Sexual harassment in the workplace-what to do?
The Employment Relations Act 2000 (“ERA”) and the Human Rights Act 1993 (“HRA”) cover in depth processes, remedies and forms of general and sexual harassment in the workplace for New Zealand employees
The Ministry of Business, Innovation and Employment has listed the conduct that is defined as “sexual harassment” in the workplace, and a number of examples of forms of sexual harassment on their website.
If you are subject to sexual harassment in the workplace then you can seek to have this resolved either formally or informally. In either case, we suggest that if you are faced with the situation where you are sexually harassed, you try to record (as soon as possible after the incident) a detailed account of times, dates, what was said and what was done.
If you wish to raise a personal grievance or complaint against your employer or colleague for sexual harassment under the ERA, you have a period of 90 days from the incident in which to raise a complaint (mitigating circumstances can sometimes be taken into consideration for any delays).
If you wish to raise a complaint under the HRA with the Human Rights Commission, you have a period of 12 months to do so from the incident.
If you wish to resolve the matter formally, some workplaces have specific processes and/or staff which are in place to deal with these situations and you should first seek out what, if any, process is used within the company.
If nothing is available within the company, you should advise your employer, manager, HR manager in writing of the incident, keeping a copy of such complaint for your records. If your employer is the subject of your complaint, then you may seek out an HR manager, supervisor, union representative or lawyer.
Your employer is legally required to investigate the allegations.
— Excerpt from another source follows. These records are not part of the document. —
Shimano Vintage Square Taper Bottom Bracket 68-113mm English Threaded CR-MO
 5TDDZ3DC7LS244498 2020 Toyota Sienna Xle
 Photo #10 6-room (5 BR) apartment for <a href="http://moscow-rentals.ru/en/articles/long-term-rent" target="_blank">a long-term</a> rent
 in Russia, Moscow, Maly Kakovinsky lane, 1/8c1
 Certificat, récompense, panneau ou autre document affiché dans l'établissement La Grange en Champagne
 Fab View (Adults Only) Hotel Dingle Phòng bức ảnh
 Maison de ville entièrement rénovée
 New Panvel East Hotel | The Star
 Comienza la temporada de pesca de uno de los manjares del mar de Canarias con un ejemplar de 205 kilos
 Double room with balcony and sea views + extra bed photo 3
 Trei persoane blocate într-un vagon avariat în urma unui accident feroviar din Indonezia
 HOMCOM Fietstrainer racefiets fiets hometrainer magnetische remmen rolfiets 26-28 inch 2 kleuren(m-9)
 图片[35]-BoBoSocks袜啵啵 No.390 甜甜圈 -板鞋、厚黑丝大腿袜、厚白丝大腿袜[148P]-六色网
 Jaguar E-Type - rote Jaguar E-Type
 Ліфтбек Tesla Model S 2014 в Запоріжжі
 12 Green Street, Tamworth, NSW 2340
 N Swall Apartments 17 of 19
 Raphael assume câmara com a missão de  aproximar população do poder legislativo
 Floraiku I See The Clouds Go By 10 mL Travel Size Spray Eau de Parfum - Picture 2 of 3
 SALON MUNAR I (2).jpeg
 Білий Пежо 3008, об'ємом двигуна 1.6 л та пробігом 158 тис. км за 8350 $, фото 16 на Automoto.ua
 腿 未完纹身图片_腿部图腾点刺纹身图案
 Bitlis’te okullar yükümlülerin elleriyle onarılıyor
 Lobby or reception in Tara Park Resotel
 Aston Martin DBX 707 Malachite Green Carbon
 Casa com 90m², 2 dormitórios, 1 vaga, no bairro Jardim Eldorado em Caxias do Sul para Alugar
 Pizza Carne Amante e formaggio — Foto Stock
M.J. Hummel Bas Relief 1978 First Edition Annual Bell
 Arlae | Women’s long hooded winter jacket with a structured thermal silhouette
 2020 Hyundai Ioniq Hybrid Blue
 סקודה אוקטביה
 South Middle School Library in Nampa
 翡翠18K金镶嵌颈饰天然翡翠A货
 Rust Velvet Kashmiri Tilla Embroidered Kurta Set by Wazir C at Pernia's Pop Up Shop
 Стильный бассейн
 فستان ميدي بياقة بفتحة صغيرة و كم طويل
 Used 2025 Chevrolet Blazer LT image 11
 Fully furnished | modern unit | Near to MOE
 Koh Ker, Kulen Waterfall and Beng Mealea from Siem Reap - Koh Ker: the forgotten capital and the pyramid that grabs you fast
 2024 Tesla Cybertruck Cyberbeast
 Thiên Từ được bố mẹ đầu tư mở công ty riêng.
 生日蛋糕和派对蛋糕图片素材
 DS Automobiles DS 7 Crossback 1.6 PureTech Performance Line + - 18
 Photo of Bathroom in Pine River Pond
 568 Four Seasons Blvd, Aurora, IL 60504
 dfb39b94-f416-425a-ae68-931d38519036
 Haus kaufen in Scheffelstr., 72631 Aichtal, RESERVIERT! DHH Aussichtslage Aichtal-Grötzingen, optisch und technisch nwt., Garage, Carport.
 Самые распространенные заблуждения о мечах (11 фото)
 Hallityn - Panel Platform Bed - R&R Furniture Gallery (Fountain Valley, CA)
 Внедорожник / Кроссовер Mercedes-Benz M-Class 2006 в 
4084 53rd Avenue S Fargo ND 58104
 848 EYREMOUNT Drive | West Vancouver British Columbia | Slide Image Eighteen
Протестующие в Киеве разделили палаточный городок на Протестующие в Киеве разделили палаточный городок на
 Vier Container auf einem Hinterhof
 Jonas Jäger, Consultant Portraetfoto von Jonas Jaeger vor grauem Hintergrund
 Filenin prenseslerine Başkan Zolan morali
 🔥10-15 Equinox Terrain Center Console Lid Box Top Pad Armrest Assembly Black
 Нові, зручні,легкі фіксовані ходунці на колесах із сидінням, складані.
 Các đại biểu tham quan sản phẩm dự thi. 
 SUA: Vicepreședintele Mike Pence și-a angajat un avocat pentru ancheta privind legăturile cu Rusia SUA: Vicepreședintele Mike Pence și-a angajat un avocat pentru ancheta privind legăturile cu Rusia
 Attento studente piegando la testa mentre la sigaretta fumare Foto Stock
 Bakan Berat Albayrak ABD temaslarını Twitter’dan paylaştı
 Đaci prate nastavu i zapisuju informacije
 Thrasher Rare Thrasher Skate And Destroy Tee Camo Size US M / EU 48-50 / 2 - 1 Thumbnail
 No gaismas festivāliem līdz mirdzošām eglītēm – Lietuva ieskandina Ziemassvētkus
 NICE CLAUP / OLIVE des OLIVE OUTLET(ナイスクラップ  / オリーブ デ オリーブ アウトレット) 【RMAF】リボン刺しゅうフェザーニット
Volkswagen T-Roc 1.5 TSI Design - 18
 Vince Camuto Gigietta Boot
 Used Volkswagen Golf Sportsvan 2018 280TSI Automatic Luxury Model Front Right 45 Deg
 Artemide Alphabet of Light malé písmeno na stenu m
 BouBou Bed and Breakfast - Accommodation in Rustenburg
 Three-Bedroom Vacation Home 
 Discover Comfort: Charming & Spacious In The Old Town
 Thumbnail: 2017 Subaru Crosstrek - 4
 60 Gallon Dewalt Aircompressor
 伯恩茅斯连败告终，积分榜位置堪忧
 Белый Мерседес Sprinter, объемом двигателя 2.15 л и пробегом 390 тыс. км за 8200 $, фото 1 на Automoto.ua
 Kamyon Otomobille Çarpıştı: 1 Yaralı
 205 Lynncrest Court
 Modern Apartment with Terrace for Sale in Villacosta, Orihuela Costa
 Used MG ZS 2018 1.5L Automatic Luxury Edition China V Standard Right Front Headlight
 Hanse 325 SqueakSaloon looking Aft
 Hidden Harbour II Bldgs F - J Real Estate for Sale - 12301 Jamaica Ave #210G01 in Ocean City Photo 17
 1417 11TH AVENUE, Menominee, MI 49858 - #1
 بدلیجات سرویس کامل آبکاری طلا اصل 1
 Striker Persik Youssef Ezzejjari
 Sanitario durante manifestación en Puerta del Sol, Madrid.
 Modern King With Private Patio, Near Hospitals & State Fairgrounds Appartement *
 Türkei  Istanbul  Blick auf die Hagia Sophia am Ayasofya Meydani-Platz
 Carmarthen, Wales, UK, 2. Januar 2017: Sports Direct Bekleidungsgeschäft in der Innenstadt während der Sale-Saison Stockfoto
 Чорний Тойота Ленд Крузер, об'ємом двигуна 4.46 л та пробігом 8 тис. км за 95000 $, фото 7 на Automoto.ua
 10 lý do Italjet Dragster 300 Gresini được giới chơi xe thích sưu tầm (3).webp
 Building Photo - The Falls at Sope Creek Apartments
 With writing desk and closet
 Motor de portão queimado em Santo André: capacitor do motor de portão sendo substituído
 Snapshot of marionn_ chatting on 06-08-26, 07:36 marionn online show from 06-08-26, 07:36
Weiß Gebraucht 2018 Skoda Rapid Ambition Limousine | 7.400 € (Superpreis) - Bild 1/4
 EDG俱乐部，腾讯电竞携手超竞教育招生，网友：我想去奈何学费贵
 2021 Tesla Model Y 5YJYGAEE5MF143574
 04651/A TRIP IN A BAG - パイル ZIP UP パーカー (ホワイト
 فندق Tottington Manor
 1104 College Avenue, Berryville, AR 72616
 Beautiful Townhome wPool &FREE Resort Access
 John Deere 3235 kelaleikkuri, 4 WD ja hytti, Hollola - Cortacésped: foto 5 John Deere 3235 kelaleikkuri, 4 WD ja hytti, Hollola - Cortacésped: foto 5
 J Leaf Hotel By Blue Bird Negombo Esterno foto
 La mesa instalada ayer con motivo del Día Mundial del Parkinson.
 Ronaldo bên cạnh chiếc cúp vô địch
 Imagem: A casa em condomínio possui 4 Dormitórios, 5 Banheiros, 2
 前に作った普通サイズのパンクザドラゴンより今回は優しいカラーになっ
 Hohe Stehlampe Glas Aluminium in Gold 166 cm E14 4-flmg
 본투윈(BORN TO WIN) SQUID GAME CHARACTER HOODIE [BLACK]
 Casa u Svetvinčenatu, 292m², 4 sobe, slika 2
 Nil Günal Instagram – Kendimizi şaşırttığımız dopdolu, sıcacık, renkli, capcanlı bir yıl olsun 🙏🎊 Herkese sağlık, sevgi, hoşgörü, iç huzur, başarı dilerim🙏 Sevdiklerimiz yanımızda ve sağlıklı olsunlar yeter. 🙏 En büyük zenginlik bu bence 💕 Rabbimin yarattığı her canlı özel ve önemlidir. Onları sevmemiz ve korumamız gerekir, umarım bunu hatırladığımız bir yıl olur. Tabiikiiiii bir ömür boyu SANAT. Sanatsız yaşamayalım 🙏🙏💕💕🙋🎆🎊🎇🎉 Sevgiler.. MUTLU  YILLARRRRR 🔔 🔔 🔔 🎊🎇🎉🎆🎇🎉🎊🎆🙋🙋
If the employer finds the allegations to be true, they are required to take whatever steps will prevent it from happening again, which can be, but is not limited to, termination of employment or legal action. If the harassment takes place again, and practical steps were not taken, the employer can be held liable for their lack of action.
As part of the investigations into any potential sexual harassment, the employer must advise the harasser that suspension or termination of employment is a possibility, offering them first a chance to provide their input and side of the story prior to any decision being made.
Depending on the severity of the harassment and the input provided by the alleged harasser, victim or witnesses, the harasser may be given written notice to attend a disciplinary meeting or mediation. Such notice will set out the accusations made against them and pending any proof to disrepute the claims, the proposed punishments for their actions.
If your employer is the subject of your complaint then their actions will be investigated by a HR manager, union representative, manager or lawyer. Depending on how you would like to proceed (i.e. remain in the job or not) and the severity of the harassment you may look to seek compensation, means of future prevention and/or an apology from the employer, as forms of settlement.
If a mediation is called, it can either be face-to-face between the parties with a mediator present, or the mediator can move in between each side with their comments, which may be more appropriate if there is a power imbalance or fear. If mediation does not resolve the dispute, the employee can take the dispute to the Director of the Office of Human Rights Proceedings, Human Rights Review Tribunal or their lawyer to file legal proceedings.
If you seek to deal with the harassment informally, you could ask your supervisor or employer to assist in an informal capacity. Your manager may have suggested means of solving the matter, which may include a supervised meeting or verbal warning. Your manager would need to be aware of all the facts and have to give the alleged harasser a chance to provide their side of the story and have an input before they provide any interference.
If the harassment continues or nothing is done then formal processes should be followed.
Sexual harassment is evident in all types of work environments and can have significant effects on the victims. However, formal or informal processes can be taken to protect you or others from future incidents.